§ **Task prompt**: With the line that contains "Cadena y Dije" as the final line, return every line from the start of the data below exactly.

******************************

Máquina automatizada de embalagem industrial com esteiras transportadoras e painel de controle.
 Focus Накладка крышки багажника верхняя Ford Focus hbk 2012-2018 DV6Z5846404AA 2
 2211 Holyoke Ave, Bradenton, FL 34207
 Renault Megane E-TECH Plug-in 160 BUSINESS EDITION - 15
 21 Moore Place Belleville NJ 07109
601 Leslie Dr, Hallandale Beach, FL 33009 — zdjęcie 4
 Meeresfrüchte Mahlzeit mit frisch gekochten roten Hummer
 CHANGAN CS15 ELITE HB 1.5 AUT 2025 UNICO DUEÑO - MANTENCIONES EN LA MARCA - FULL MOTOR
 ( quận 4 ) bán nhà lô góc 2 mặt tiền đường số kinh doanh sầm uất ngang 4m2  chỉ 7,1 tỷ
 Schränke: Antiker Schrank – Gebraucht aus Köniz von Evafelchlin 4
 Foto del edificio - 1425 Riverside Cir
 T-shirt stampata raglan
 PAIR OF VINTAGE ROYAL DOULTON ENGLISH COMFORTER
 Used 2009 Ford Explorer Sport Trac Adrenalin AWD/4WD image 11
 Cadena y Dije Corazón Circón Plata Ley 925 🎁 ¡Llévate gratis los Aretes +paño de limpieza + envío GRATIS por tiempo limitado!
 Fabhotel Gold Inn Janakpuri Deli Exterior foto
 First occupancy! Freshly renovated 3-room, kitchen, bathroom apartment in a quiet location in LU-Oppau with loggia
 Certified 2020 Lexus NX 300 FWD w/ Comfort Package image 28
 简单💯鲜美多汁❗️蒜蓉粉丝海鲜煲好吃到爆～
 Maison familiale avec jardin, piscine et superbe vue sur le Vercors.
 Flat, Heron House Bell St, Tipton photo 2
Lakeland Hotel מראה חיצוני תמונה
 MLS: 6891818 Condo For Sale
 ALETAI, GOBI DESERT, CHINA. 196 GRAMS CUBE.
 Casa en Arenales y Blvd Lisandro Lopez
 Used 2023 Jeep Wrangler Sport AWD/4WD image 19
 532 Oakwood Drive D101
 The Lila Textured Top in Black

******************************

§ **Written reply**:
Máquina automatizada de embalagem industrial com esteiras transportadoras e painel de controle.
 Focus Накладка крышки багажника верхняя Ford Focus hbk 2012-2018 DV6Z5846404AA 2
 2211 Holyoke Ave, Bradenton, FL 34207
 Renault Megane E-TECH Plug-in 160 BUSINESS EDITION - 15
 21 Moore Place Belleville NJ 07109
601 Leslie Dr, Hallandale Beach, FL 33009 — zdjęcie 4
 Meeresfrüchte Mahlzeit mit frisch gekochten roten Hummer
 CHANGAN CS15 ELITE HB 1.5 AUT 2025 UNICO DUEÑO - MANTENCIONES EN LA MARCA - FULL MOTOR
 ( quận 4 ) bán nhà lô góc 2 mặt tiền đường số kinh doanh sầm uất ngang 4m2  chỉ 7,1 tỷ
 Schränke: Antiker Schrank – Gebraucht aus Köniz von Evafelchlin 4
 Foto del edificio - 1425 Riverside Cir
 T-shirt stampata raglan
 PAIR OF VINTAGE ROYAL DOULTON ENGLISH COMFORTER
 Used 2009 Ford Explorer Sport Trac Adrenalin AWD/4WD image 11
 Cadena y Dije Corazón Circón Plata Ley 925 🎁 ¡Llévate gratis los Aretes +paño de limpieza + envío GRATIS por tiempo limitado!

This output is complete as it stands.